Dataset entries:
= = =
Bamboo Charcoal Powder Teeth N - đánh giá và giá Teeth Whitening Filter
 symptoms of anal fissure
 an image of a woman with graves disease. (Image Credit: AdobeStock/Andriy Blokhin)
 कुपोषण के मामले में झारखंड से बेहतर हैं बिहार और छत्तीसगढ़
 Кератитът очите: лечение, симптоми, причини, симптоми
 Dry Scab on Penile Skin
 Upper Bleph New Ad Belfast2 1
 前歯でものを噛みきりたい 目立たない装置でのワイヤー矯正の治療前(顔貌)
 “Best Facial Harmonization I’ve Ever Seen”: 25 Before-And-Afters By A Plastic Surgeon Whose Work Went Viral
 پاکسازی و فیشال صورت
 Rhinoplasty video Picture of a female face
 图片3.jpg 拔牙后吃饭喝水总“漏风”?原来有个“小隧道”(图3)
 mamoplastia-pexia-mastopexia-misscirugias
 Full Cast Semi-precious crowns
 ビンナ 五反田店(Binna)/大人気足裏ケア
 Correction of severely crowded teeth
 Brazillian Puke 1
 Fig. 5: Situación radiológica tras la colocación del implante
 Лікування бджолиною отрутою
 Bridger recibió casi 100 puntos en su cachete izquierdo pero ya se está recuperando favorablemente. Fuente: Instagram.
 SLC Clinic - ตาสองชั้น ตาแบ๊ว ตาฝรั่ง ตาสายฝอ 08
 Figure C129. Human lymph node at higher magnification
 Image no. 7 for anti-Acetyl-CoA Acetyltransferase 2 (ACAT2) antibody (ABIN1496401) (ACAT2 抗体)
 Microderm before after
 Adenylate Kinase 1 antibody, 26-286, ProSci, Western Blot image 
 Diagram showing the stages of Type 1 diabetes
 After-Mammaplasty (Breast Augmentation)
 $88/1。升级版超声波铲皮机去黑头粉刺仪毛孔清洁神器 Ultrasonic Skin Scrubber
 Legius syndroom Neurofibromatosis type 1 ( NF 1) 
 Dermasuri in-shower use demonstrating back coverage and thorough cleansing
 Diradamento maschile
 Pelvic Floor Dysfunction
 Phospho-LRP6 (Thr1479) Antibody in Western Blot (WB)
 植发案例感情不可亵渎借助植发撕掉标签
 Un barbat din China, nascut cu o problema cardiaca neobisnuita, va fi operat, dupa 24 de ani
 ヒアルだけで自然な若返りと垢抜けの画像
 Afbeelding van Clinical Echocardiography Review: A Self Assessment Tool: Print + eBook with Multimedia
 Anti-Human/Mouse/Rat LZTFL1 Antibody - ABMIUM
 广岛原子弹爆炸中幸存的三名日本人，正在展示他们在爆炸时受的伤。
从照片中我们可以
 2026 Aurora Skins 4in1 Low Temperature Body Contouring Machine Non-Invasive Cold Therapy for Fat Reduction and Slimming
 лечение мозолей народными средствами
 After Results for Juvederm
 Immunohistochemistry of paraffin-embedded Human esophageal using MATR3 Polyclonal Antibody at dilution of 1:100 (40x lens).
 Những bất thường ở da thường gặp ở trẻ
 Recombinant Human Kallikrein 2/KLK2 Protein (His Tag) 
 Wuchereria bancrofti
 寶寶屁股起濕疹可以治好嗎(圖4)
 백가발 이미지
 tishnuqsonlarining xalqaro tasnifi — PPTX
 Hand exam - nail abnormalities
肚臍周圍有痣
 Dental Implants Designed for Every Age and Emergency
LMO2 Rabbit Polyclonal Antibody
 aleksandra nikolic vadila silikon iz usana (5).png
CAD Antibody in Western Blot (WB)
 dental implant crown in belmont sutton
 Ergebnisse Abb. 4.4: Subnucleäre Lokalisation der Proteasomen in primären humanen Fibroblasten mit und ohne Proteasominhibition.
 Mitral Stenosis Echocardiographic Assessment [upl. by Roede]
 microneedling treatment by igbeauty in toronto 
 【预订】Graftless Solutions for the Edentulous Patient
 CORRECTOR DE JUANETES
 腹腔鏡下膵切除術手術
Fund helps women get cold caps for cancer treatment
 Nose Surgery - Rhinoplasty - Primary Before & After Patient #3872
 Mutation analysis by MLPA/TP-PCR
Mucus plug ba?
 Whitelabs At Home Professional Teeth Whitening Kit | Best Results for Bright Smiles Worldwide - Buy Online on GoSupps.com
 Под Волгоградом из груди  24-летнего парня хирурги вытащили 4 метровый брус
= = =
ACTIVITY:
Produce an exact copy of the entries above.

COMPLETED TASK:
Bamboo Charcoal Powder Teeth N - đánh giá và giá Teeth Whitening Filter
 symptoms of anal fissure
 an image of a woman with graves disease. (Image Credit: AdobeStock/Andriy Blokhin)
 कुपोषण के मामले में झारखंड से बेहतर हैं बिहार और छत्तीसगढ़
 Кератитът очите: лечение, симптоми, причини, симптоми
 Dry Scab on Penile Skin
 Upper Bleph New Ad Belfast2 1
 前歯でものを噛みきりたい 目立たない装置でのワイヤー矯正の治療前(顔貌)
 “Best Facial Harmonization I’ve Ever Seen”: 25 Before-And-Afters By A Plastic Surgeon Whose Work Went Viral
 پاکسازی و فیشال صورت
 Rhinoplasty video Picture of a female face
 图片3.jpg 拔牙后吃饭喝水总“漏风”?原来有个“小隧道”(图3)
 mamoplastia-pexia-mastopexia-misscirugias
 Full Cast Semi-precious crowns
 ビンナ 五反田店(Binna)/大人気足裏ケア
 Correction of severely crowded teeth
 Brazillian Puke 1
 Fig. 5: Situación radiológica tras la colocación del implante
 Лікування бджолиною отрутою
 Bridger recibió casi 100 puntos en su cachete izquierdo pero ya se está recuperando favorablemente. Fuente: Instagram.
 SLC Clinic - ตาสองชั้น ตาแบ๊ว ตาฝรั่ง ตาสายฝอ 08
 Figure C129. Human lymph node at higher magnification
 Image no. 7 for anti-Acetyl-CoA Acetyltransferase 2 (ACAT2) antibody (ABIN1496401) (ACAT2 抗体)
 Microderm before after
 Adenylate Kinase 1 antibody, 26-286, ProSci, Western Blot image 
 Diagram showing the stages of Type 1 diabetes
 After-Mammaplasty (Breast Augmentation)
 $88/1。升级版超声波铲皮机去黑头粉刺仪毛孔清洁神器 Ultrasonic Skin Scrubber
 Legius syndroom Neurofibromatosis type 1 ( NF 1) 
 Dermasuri in-shower use demonstrating back coverage and thorough cleansing
 Diradamento maschile
 Pelvic Floor Dysfunction
 Phospho-LRP6 (Thr1479) Antibody in Western Blot (WB)
 植发案例感情不可亵渎借助植发撕掉标签
 Un barbat din China, nascut cu o problema cardiaca neobisnuita, va fi operat, dupa 24 de ani
 ヒアルだけで自然な若返りと垢抜けの画像
 Afbeelding van Clinical Echocardiography Review: A Self Assessment Tool: Print + eBook with Multimedia
 Anti-Human/Mouse/Rat LZTFL1 Antibody - ABMIUM
 广岛原子弹爆炸中幸存的三名日本人，正在展示他们在爆炸时受的伤。
从照片中我们可以
 2026 Aurora Skins 4in1 Low Temperature Body Contouring Machine Non-Invasive Cold Therapy for Fat Reduction and Slimming
 лечение мозолей народными средствами
 After Results for Juvederm
 Immunohistochemistry of paraffin-embedded Human esophageal using MATR3 Polyclonal Antibody at dilution of 1:100 (40x lens).
 Những bất thường ở da thường gặp ở trẻ
 Recombinant Human Kallikrein 2/KLK2 Protein (His Tag) 
 Wuchereria bancrofti
 寶寶屁股起濕疹可以治好嗎(圖4)
 백가발 이미지
 tishnuqsonlarining xalqaro tasnifi — PPTX
 Hand exam - nail abnormalities
肚臍周圍有痣
 Dental Implants Designed for Every Age and Emergency
LMO2 Rabbit Polyclonal Antibody
 aleksandra nikolic vadila silikon iz usana (5).png
CAD Antibody in Western Blot (WB)
 dental implant crown in belmont sutton
 Ergebnisse Abb. 4.4: Subnucleäre Lokalisation der Proteasomen in primären humanen Fibroblasten mit und ohne Proteasominhibition.
 Mitral Stenosis Echocardiographic Assessment [upl. by Roede]
 microneedling treatment by igbeauty in toronto 
 【预订】Graftless Solutions for the Edentulous Patient
 CORRECTOR DE JUANETES
 腹腔鏡下膵切除術手術
Fund helps women get cold caps for cancer treatment
 Nose Surgery - Rhinoplasty - Primary Before & After Patient #3872
 Mutation analysis by MLPA/TP-PCR
Mucus plug ba?
 Whitelabs At Home Professional Teeth Whitening Kit | Best Results for Bright Smiles Worldwide - Buy Online on GoSupps.com
 Под Волгоградом из груди  24-летнего парня хирурги вытащили 4 метровый брус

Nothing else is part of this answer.